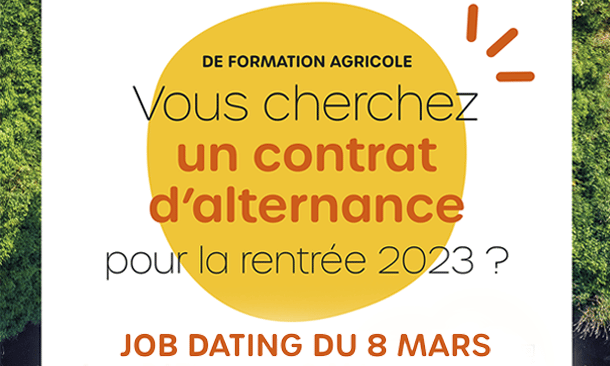 Job dating Agrial 8 mars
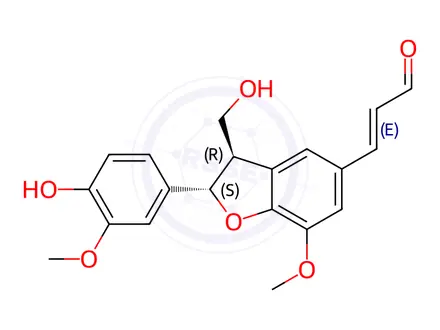 Chemical structure of (+)-Balanophonin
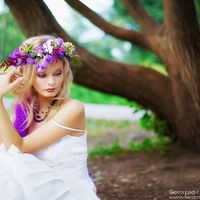 Невеста в венке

§ **EXERCISE GOAL**
Reproduce the material above exactly but drop all images.

§ **SOLUTION TO THIS PROBLEM**
 Job dating Agrial 8 mars
 Chemical structure of (+)-Balanophonin
 Невеста в венке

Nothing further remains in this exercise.